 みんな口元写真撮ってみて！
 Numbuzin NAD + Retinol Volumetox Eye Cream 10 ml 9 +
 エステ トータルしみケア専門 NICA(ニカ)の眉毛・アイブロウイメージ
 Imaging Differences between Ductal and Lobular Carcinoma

* * *

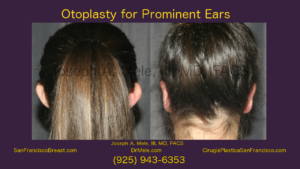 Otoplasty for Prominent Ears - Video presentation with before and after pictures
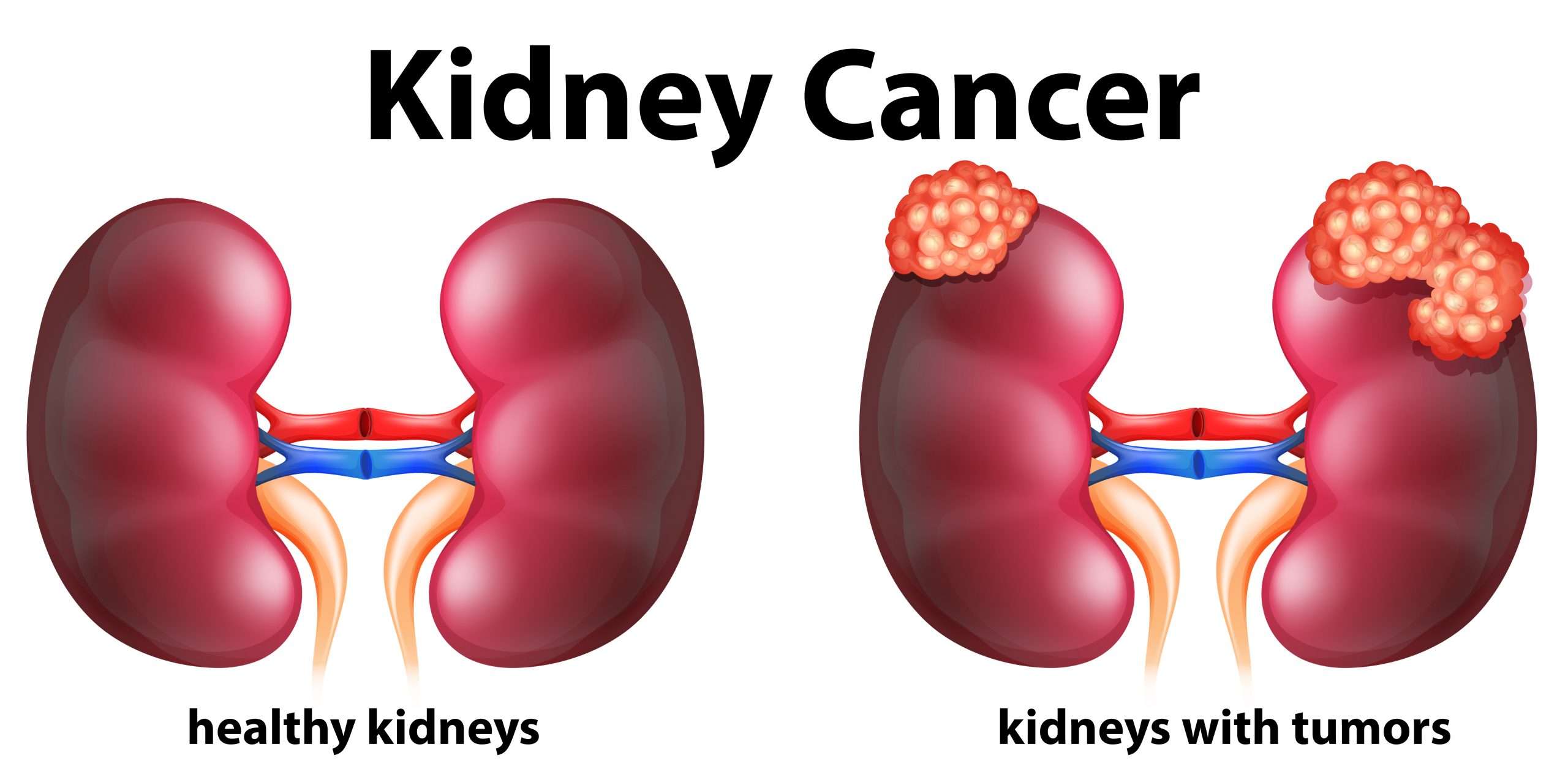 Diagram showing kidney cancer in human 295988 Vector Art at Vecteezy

PROBLEM REQUIREMENTS:
What you give back should be only the lines of the records above, starting at the line with "みんな口元写真撮ってみて！" and ending at the line with "Imaging Differences between", restated word for word.

TASK SOLUTION:
 みんな口元写真撮ってみて！
 Numbuzin NAD + Retinol Volumetox Eye Cream 10 ml 9 +
 エステ トータルしみケア専門 NICA(ニカ)の眉毛・アイブロウイメージ
 Imaging Differences between Ductal and Lobular Carcinoma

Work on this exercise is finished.